All of the listing is to be written out word for word, with the pictures left out.

*RECORDED INFORMATION*
※
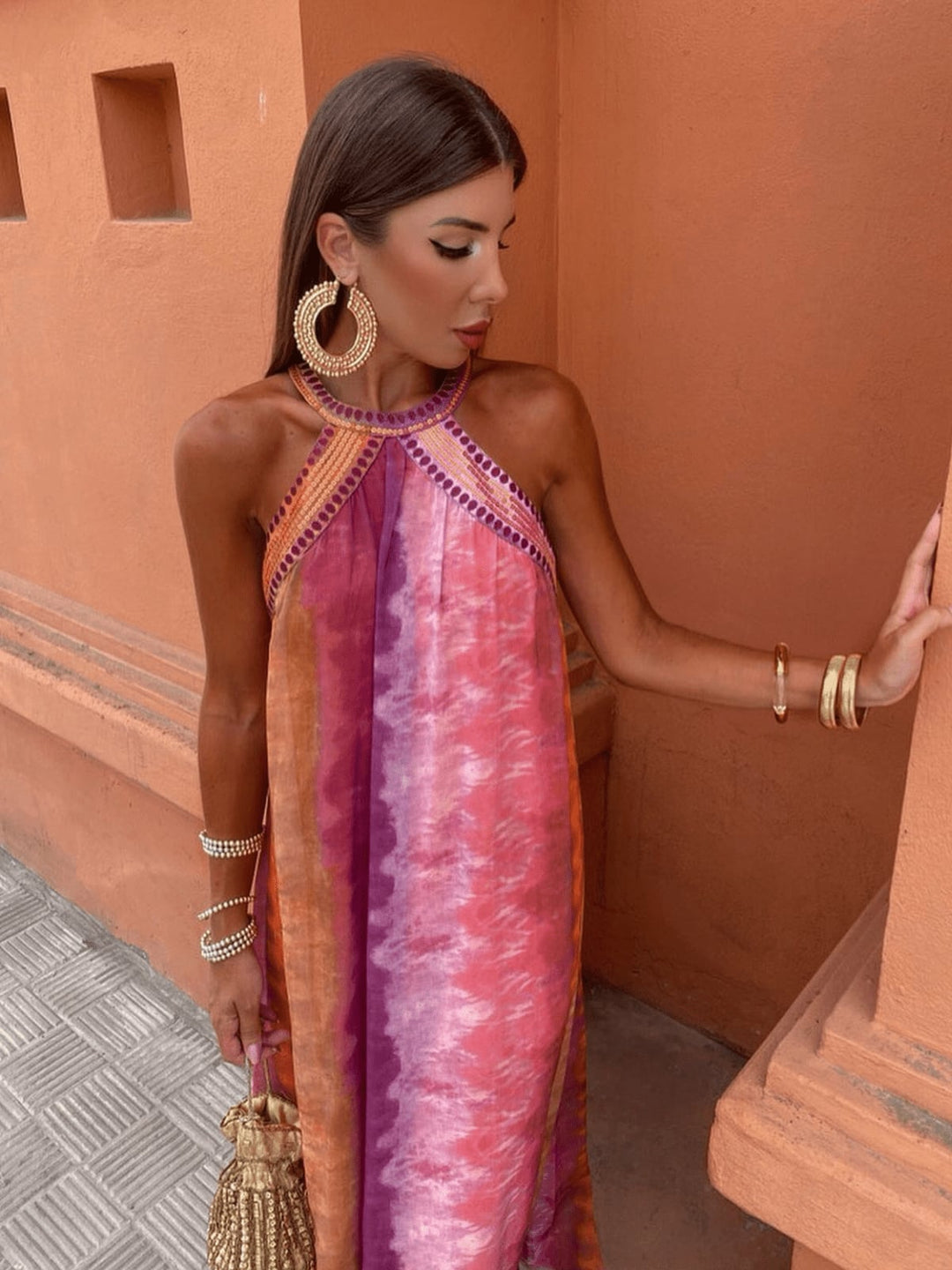 Woman wearing the Aster multicolor ombre dress with a flowing silhouette, perfect for summer weddings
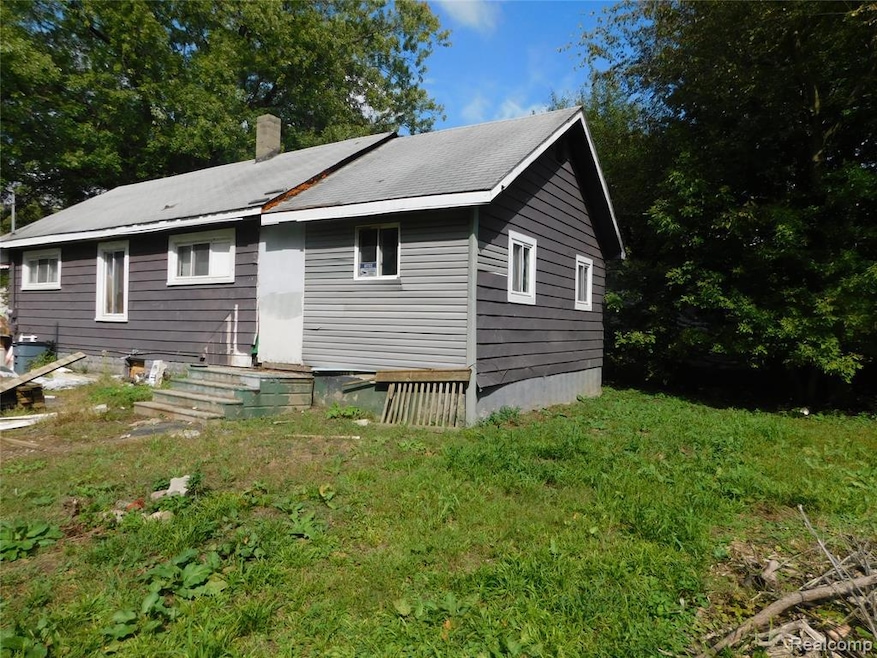 Rear view of house featuring a chimney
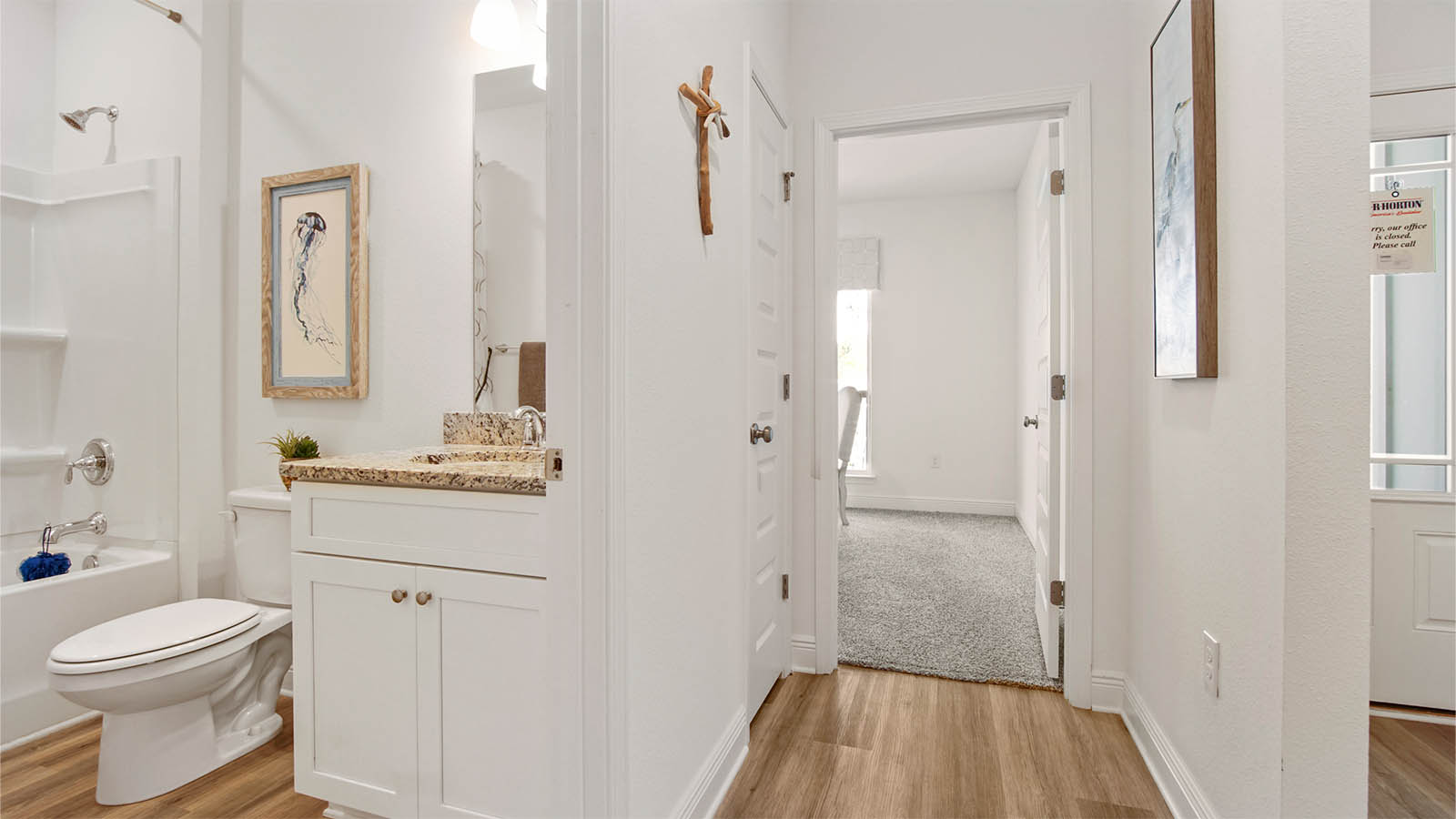 Hallway next to foyer leading to full guest bathroom and bedroom three and linen closet.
※
*RESULT*
 Woman wearing the Aster multicolor ombre dress with a flowing silhouette, perfect for summer weddings
 Rear view of house featuring a chimney
 Hallway next to foyer leading to full guest bathroom and bedroom three and linen closet.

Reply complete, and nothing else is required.